(Brass Head) 2020
1800 GBP
brass sandcast, wenge. size cast: 7.5 x 4 x 3.5 cm - wenge: 22 x 6.2 x 2 cm Ed 3 + 1 A/P

Katrin Hanusch is a multidisciplinary artist working in sculpture, installation, and drawing with a deep and ongoing conversation with materials and processes. Her work engages with the impermanence, fragility and interconnectedness of our world and often takes on a perspective that addresses longterm effects of our actions in intimate encounters or immersive environments.

Katrin developed the work on display during her residency at the Alice Boner Institute in Varanasi, India earlier this year. Her research into the everyday and the use of local materials in the Spiritual Capital of India came together in a series of brass casts. Forming a small palm sized object from river mud of the Ganges becomes meaningful, when further up- and downstream you would walk past the open burning sites for dead bodies depicting scenes that seem equally as timeless as they are ancient. Katrin wrapped the mud in newspaper and tied it with thread that she collected along the banks of the holy river.

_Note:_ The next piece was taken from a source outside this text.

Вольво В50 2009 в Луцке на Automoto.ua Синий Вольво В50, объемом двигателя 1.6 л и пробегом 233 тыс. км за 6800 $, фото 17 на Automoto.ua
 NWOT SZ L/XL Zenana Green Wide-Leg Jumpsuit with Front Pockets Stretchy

The work was cast employing a traditional sand casting technic at the foundry at Jnana-Pravaha, Centre for Cultural Studies and Research in Varanasi. The residency was awarded by the Shelagh Cluett Trust, London.

Katrin received an MA in Fine Art at the University of Art and Design Halle, Germany (2008) and an MA in Sculpture at the Royal College of Art (2014) and co-founded dieschoenestadt, a gallery funded by the Art Council Halle/Germany (2008-12). Born in Germany Katrin moved to London in 2012.